4. Secure API Integration
- API Connections: Secure integration with law enforcement and bank systems allows for the rapid sharing of flagged bank accounts and phone numbers, ensuring swift action to prevent further fraud.
Best Practices
1. Continuous Model Improvement: Regularly update and retrain the machine learning model with new data to improve its ability to detect evolving scam tactics. This includes incorporating feedback from false positives and negatives into the training dataset.
2. Ethical Honeypot Usage: Ensure the honeypot interactions are conducted ethically, with clear guidelines to avoid entrapment or legal issues. Data collected should be handled in compliance with privacy laws.
3. Collaboration with Stakeholders: Maintain strong communication channels with law enforcement and financial institutions to ensure that flagged accounts are acted upon quickly, reducing the risk of successful scams.

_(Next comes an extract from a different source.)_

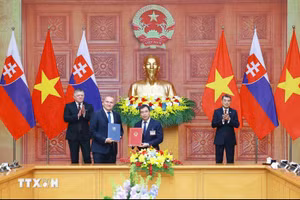 El primer ministro Le Minh Hung y su homólogo de Eslovaquia Robert Fico presencian la firma de un Memorando de Entendimiento entre la Comisión Nacional de Normas, Metrología y Calidad (STAMEQ) y la Oficina Eslovaca de Normas, Metrología y Ensayos (UNMS). Foto: VNA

4. Real-Time Response Capabilities: The system’s real-time capabilities are crucial for preventing financial loss. Ensure that all components, from ad monitoring to alerting, operate with minimal latency.
Conclusion
The Fraudulent Ad Detection and Honeypot Engagement System represents a comprehensive approach to combating online fraud. By combining machine learning for ad fraud detection with proactive honeypot engagement, this system not only identifies potential scams but actively works to expose scammers, gather critical evidence, and enable swift action by law enforcement and financial institutions.
This advanced solution not only protects users from falling victim to scams but also disrupts fraudulent networks, making digital platforms safer for all users. By leveraging cutting-edge technology and best practices, this system sets a new standard in fraud prevention and online security.